Ser guatemalteco es fácil: basta nacer aquí, estar puesto en un pedazo de tierra. Este año descubrimos también que la ciudadanía no es un documento, sino una convicción, una osadía, una práctica diaria.
Este no fue un año como los demás. Este año echamos un presidente a la calle.
Este año salimos, clasemedieros timoratos y conservadores, a protestar a la plaza. Por igual, amas de casa y campesinos de piel quemada reconocimos que sin protesta no hay progreso.
Este año hasta los encumbrados señores del dinero cerraron a regañadientes sus negocios. No porque quisieran, no por sumarse a la protesta, pero tampoco por resistir (¡al menos por una vez!) los indispensables impuestos que tanto temen. Este año cerraron porque tanto sus clientes como sus empleados se fueron a la calle a protestar y no quedó quién vendiera ni quién comprara.
Este año entendimos ¡al fin! que necesitamos ayuda para salir del fango. Este año el colombiano firme y la fiscal improbable mostraron que siempre se puede actuar bien, pero que hay que quererlo.

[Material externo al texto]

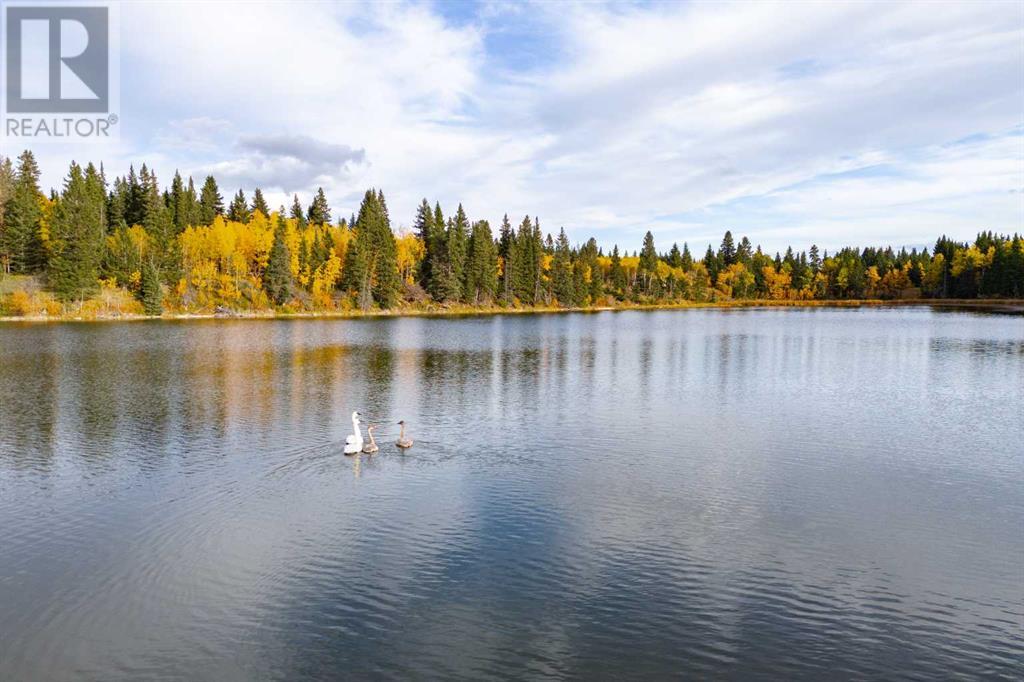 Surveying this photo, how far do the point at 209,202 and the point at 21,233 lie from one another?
45.8 metres

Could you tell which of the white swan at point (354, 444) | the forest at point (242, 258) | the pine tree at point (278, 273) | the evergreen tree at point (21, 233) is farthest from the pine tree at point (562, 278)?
the white swan at point (354, 444)

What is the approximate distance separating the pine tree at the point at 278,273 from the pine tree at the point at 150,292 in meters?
22.5

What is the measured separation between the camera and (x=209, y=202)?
158m

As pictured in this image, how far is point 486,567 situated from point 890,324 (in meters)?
115

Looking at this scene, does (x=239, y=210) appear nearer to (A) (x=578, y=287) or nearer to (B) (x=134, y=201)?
(B) (x=134, y=201)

Este año los jueces sucios encontraron que en la cárcel también hay espacio para ellos. Y con ellos, para funcionarios y empresarios.
Este año la muela que tiene cinco siglos de girar moliendo vidas se detuvo con mucho trabajo apenas por un momento. Cinco meses mágicos mostraron que el poder está en nuestras manos si nos hacemos dignos de él, si nos corremos el riesgo.

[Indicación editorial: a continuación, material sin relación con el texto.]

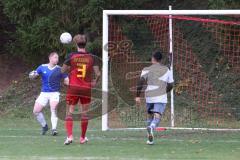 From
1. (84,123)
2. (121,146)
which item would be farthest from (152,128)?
(84,123)

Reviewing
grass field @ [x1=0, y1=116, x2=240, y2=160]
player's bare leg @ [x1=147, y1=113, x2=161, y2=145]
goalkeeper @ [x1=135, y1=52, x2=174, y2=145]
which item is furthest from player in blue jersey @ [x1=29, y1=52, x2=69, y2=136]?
player's bare leg @ [x1=147, y1=113, x2=161, y2=145]

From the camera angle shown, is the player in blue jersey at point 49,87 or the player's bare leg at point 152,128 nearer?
the player's bare leg at point 152,128

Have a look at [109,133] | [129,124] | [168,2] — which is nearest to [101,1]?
[168,2]

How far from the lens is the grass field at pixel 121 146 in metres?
11.4

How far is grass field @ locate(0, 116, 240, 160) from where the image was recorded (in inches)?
448

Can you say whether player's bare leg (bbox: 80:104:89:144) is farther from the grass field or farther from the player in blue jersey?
the player in blue jersey

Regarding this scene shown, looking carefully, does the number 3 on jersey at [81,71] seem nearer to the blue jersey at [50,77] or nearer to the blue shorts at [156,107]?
the blue shorts at [156,107]

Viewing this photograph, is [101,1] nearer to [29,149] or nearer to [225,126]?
[225,126]

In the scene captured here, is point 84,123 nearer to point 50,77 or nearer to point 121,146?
point 121,146

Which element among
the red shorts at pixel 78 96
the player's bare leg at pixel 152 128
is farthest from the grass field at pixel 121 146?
the red shorts at pixel 78 96

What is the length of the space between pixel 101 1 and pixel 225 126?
616 centimetres

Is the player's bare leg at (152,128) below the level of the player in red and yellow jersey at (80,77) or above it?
below

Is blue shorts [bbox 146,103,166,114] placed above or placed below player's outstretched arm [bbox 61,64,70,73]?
below

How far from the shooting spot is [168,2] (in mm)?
23328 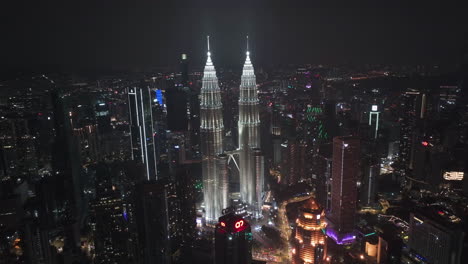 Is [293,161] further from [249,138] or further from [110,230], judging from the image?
[110,230]

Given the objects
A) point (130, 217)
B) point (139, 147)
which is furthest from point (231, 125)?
point (130, 217)

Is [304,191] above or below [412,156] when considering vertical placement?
below

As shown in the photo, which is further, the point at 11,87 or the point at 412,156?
the point at 412,156

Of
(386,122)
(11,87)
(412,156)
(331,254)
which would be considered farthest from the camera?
(386,122)

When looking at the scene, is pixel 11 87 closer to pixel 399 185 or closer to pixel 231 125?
pixel 231 125

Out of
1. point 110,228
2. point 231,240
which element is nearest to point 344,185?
point 231,240

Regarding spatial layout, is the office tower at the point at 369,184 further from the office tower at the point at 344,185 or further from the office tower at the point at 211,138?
the office tower at the point at 211,138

Este año la fácil vida del corrupto y del corruptor se hizo trabajosa. Este año, al negociante, al vendepatrias y al alevoso en el Congreso les tocó por igual esmerarse en estorbar el bien. Los arrogantes empresarios, acostumbrados a entrar al poder por la puerta de atrás, este año descubrieron que estaba cerrada con llave. No se dieron por vencidos, claro, pero debieron entrar por el frente y mostrar con vergüenza que progreso para ellos no significa sino lucro desmedido.
Este año tropezamos con unas elecciones cuando no nos servían. Este año le dijimos no a un insolente al que no le tocaba. Y este año un candidato descubrió que a veces basta estar en el lugar correcto en el momento preciso para ganar la carrera. Este año jugamos a la democracia como niños de tres años, con desenfado y sin responsabilidad.
Este año descubrimos que ser guatemalteco es fácil: basta nacer aquí, estar puesto en un pedazo de tierra. Este año descubrimos también que la ciudadanía no es un documento, sino una convicción, una osadía, una práctica diaria.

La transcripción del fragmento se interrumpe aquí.